Not all soil properties[^1] change in the same way. Some properties change slowly and steadily over time. For example, organic matter accumulates in soils as plant roots grow, die, decompose, and get incorporated into the soil profile. Over time, organic matter changes the soil color by darkening surface soil horizons.
[^1]: We use the term "soil properties" when referring to observable characteristics like color, texture, structure, mineral content, organic matter, and chemical composition, among many others.
Other properties change episodically, with intense periods of activity followed by periods of stagnation. Some processes are reversible, whereas others are not. The natural shapes we find in soils develop over time as clays weather from rocks and help soil particles stick together in clumps. But a soil's structure isn't permanent. Clumps of soil can be broken and reshaped, as often happens when we manipulate soils for agriculture.

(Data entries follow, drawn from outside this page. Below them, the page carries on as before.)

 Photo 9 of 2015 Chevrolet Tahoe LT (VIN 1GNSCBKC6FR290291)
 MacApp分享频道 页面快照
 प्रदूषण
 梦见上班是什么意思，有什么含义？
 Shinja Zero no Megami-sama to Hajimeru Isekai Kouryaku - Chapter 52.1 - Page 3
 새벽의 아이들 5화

Some properties are more dynamic when a soil is "young"[^2], whereas others develop later on as a soil ages. Take weathering, for example. Minerals that are more easily broken down by chemical weathering will decrease in abundance earlier on in a soil's development (e.g. when the soil is "young"). Over time, more resistant minerals will also begin to weather. The abundance of different minerals will thus change through the course of a soil's existence.
[^2]: I put the term young in quotes here because the age of the soil and it's level of development isn't always perfectly aligned. Soils of the same age can exhibit different degrees of development depending on the intensity of processes that lead to change (e.g. weathering intensity defined by the climate).
![[Soil_Processes_Concept_Diagram.jpg]]
Soils come into being because a diverse suite of processes interact to create something truly one of a kind. We have come up with ways to put soils into categories based on similar properties, but no two soils are exactly the same. Each new soil we encounter is a friend with a history and context that, if we listen carefully, we can learn a lot about.
**This is how life is, isn’t it?** We emerge as unique humans when our experiences shape the way we engage with the world. We get to know other people by learning how their history informs their present. Sometimes our life changes so slowly over time that if we don't make the effort to notice, we could miss it altogether. We might wake up one day and find ourselves in a completely different stage of life, wondering how we got here. Other times, change seems to happen so quickly it feels instantaneous. Change like this feels so immediate that we can describe life before and after the event.
The trajectory of soil formation is always forward, building on the history that came before. That doesn't necessarily mean soils are always physically expanding in space. In some cases, erosion and losses of soil material exceed inputs and formation of soil and the volume of soil decreases. Even through the ups and downs, soils always continue forward.
**Soils remind me that experiencing change is what it means to exist on this planet.** Change comes in many shapes and sizes. Some changes are reversible, others aren’t. And that just had to be okay.